Aluminium prices steadied on Thursday after hitting a six-week high earlier in the session, as a stronger dollar offset fund buying spurred by concerns over tight supply of the key raw material.
Three-month aluminium on the London Metal Exchange rose 0.2% to $2,492 a metric ton in official open-outcry trading.
The metal used in transportation, construction and packaging touched $2,531, its highest since July 9, earlier in the session amid buying by funds known as commodity trading advisors (CTAs), which are largely driven by computer programs.
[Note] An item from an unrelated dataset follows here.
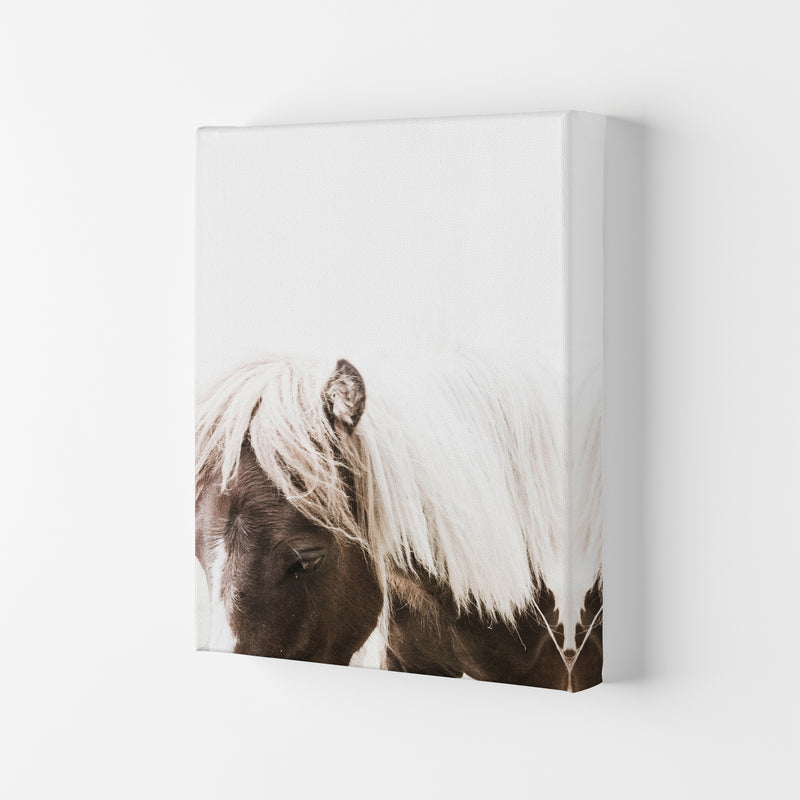 Horse III Photography Print by Victoria Frost Canvas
“The market is now running into some evidence of a producer offer,” said Alastair Munro, senior base metals strategist at Marex.
Aluminium is on track for a 5% gain this week, its strongest weekly growth in four months, against a backdrop of higher demand for alumina, the intermediate product between bauxite and aluminium, and tight supply of bauxite.
Commodities markets are also keeping an eye on Canada, where rail freight could come to a grinding halt after the country’s two biggest railroad operators announced simultaneous work stoppages over labour contracts.
Canada is the largest aluminium supplier to the U.S., but the aluminium premiums paid above the LME benchmark by U.S. buyers have been steady so far.
Meanwhile LME zinc was up 0.7% at $2,871 a ton in official activity after hitting $2,882, its highest since July 17.
Large Chinese zinc smelters have agreed to adjust planned maintenance on production lines and postpone commissioning of new capacity as falling ore processing prices have eroded profits.
In other metals, LME copper fell 0.8% to $9,185 a ton, lead was down 0.2% at $2,082, tin added 0.4% to $32,825 and nickel lost 2.4% to $16,500.